Excerpts from a dataset>
══════
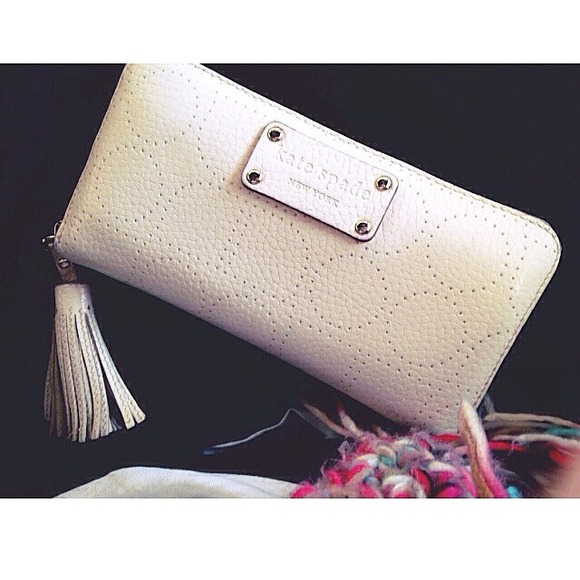 Kate spade tassel wallet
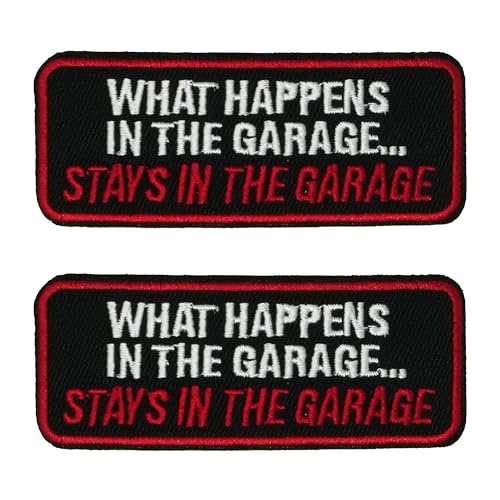 2 x What Happens in The Garage... Stays in the Garage - Lustiger Aufnäher zum Aufbügeln (9 x 3,5 cm) | Biker Mechaniker Garage Werkstatt Humor Patch von Panda Loco
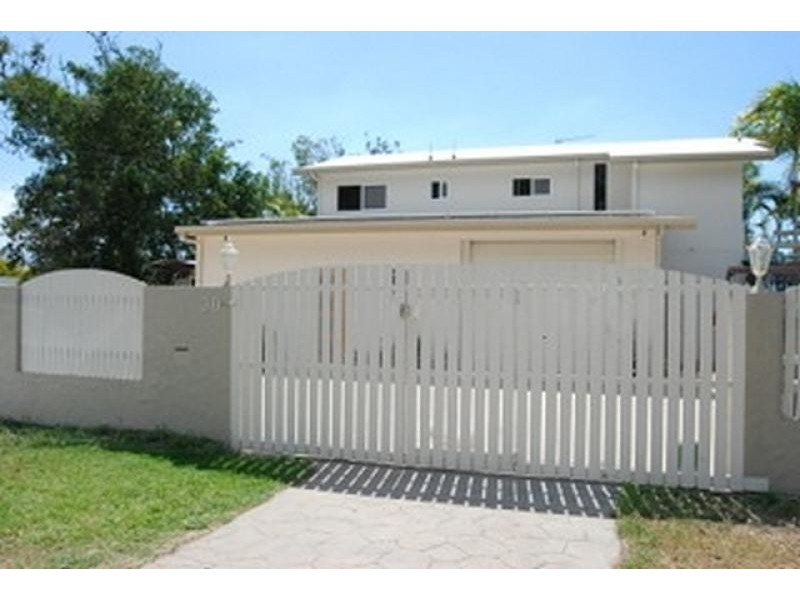 30 the Esplanade, Toolakea QLD 4818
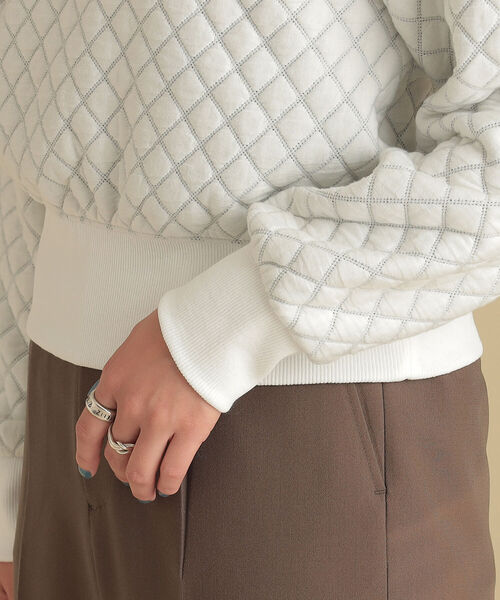 Ray BEAMS（レイビームス）の「Ray BEAMS / キルティング クルーネック トップス（その他トップス・レディース・ブラック/オフホワイト・ONE SIZE）」の11枚目の写真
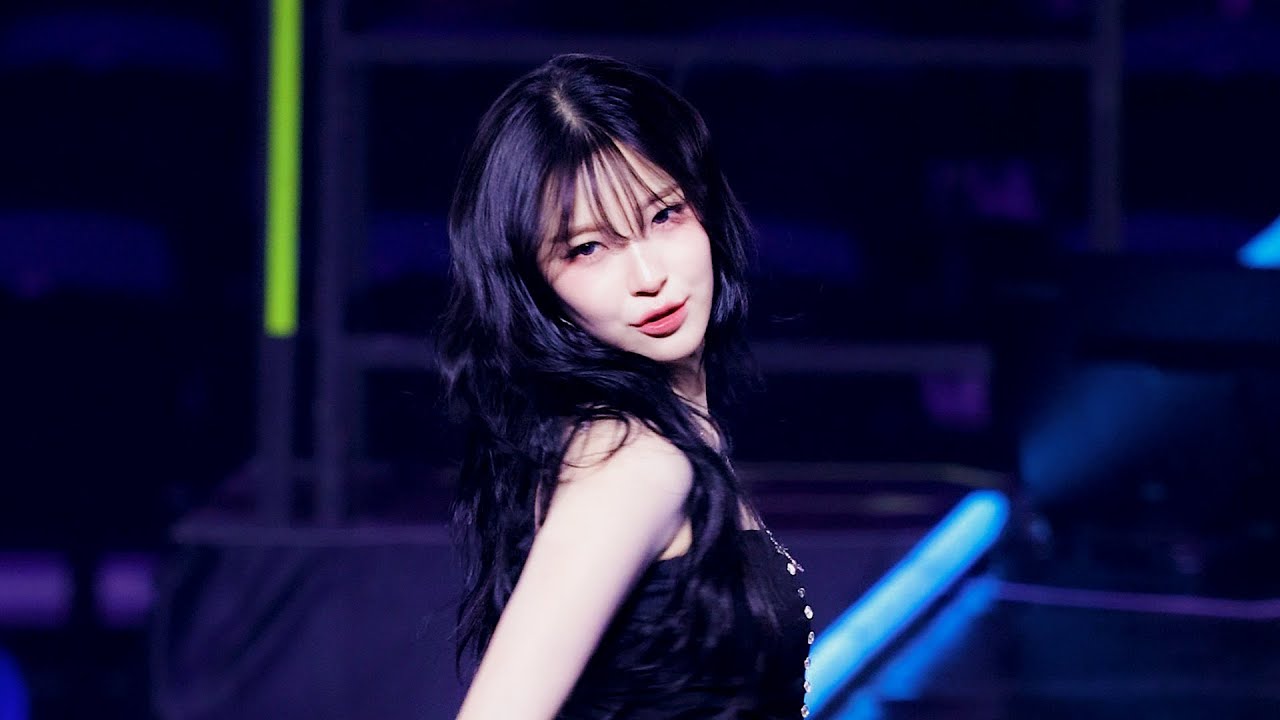 [세로캠] 프로미스나인(fromis_9) - DM | 백지헌 focus 직캠 @ 251122 한터뮤직페스티벌 [4K60P]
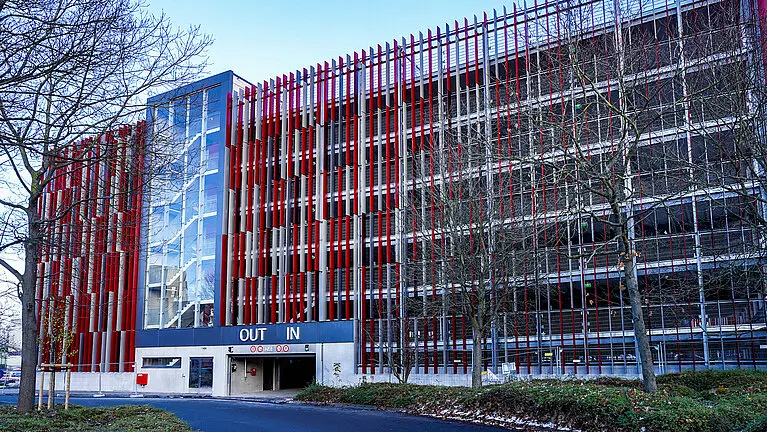2023-12-uni-paderborn-neues-parkhaus-uni-2.webp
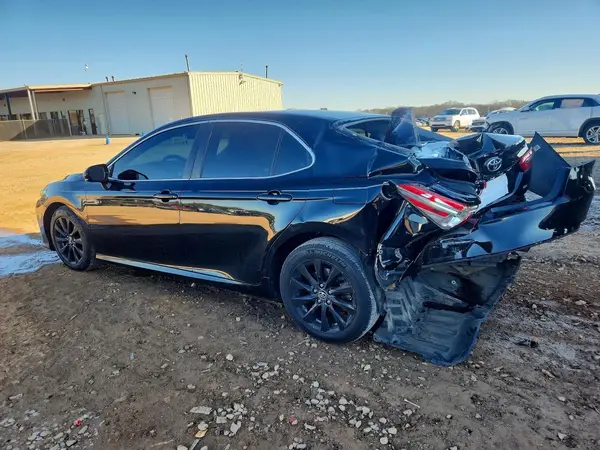 4T1B11HK9JU109127 2018 TOYOTA CAMRY - Image 2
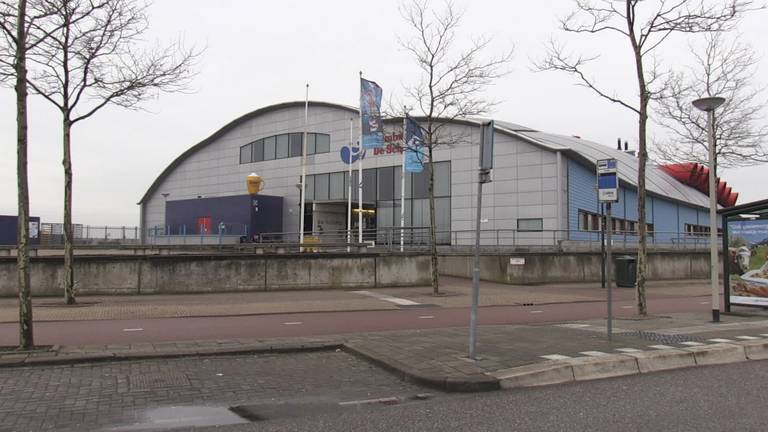 Zwembad Bergen op Zoom dicht vanwege roest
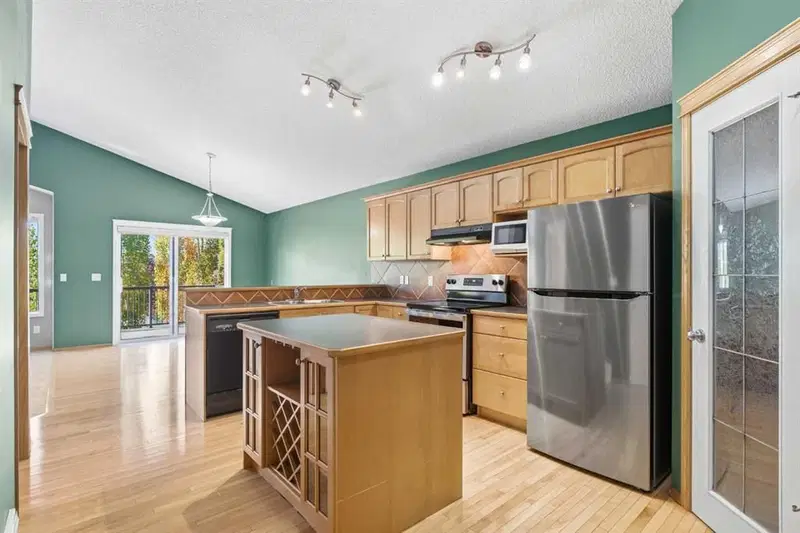 7 Royal Birch Green NW, Calgary — photo 3 of 31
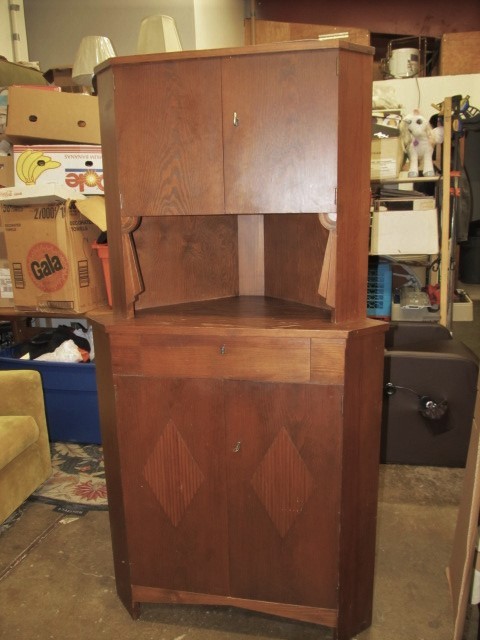 lot 188 image: Vintage Deco Corner Cabinet wKey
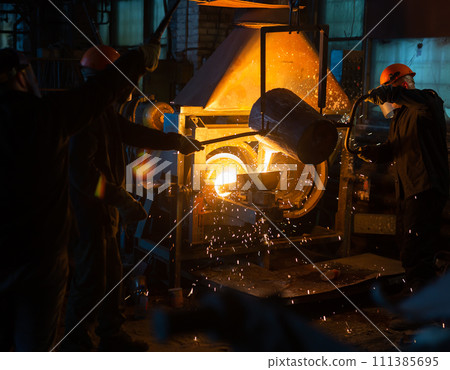 Pouring molten metal into a centrifugal machine in the foundry shop of metallurgical plant 111385695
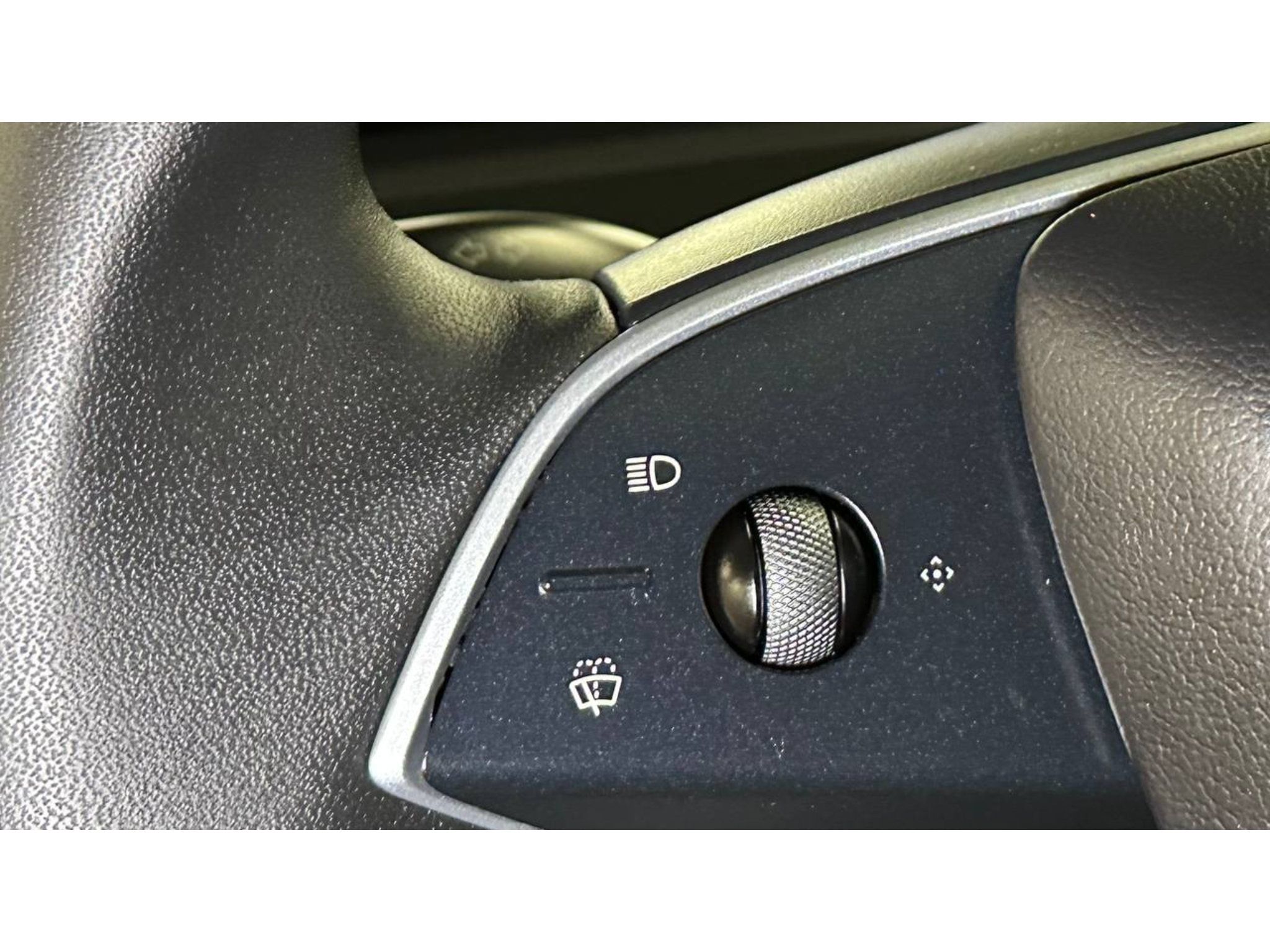 Used 2026 Tesla Model Y AWD image 24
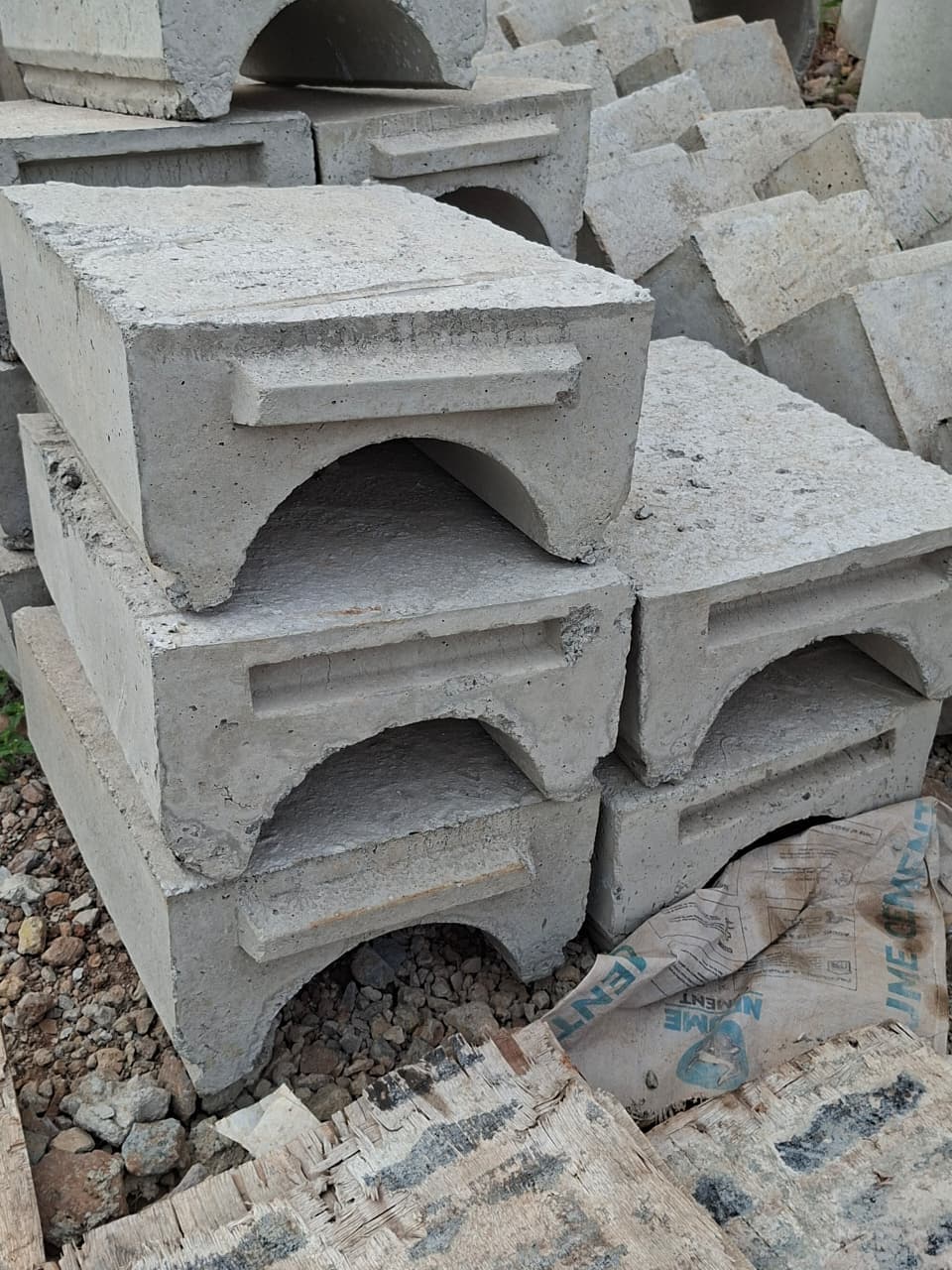 Invert Block / Drainage Channel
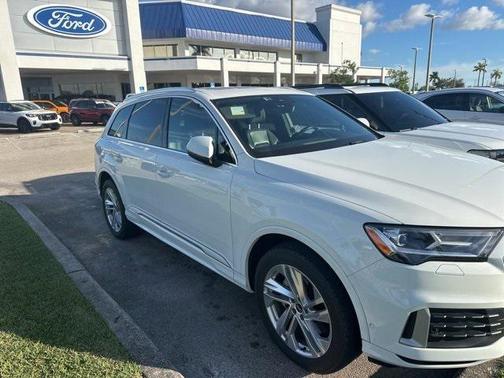 2021 Audi Q7 45 Premium Plus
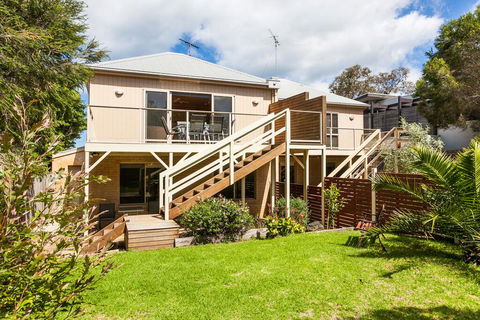 Sunningdale Beach House 12 - Australia Accommodation 0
══════
To do> Output the entries above verbatim, leaving out images.

Reply>
 Kate spade tassel wallet
 2 x What Happens in The Garage... Stays in the Garage - Lustiger Aufnäher zum Aufbügeln (9 x 3,5 cm) | Biker Mechaniker Garage Werkstatt Humor Patch von Panda Loco
 30 the Esplanade, Toolakea QLD 4818
 Ray BEAMS（レイビームス）の「Ray BEAMS / キルティング クルーネック トップス（その他トップス・レディース・ブラック/オフホワイト・ONE SIZE）」の11枚目の写真
 [세로캠] 프로미스나인(fromis_9) - DM | 백지헌 focus 직캠 @ 251122 한터뮤직페스티벌 [4K60P]
2023-12-uni-paderborn-neues-parkhaus-uni-2.webp
 4T1B11HK9JU109127 2018 TOYOTA CAMRY - Image 2
 Zwembad Bergen op Zoom dicht vanwege roest
 7 Royal Birch Green NW, Calgary — photo 3 of 31
 lot 188 image: Vintage Deco Corner Cabinet wKey
 Pouring molten metal into a centrifugal machine in the foundry shop of metallurgical plant 111385695
 Used 2026 Tesla Model Y AWD image 24
 Invert Block / Drainage Channel
 2021 Audi Q7 45 Premium Plus
 Sunningdale Beach House 12 - Australia Accommodation 0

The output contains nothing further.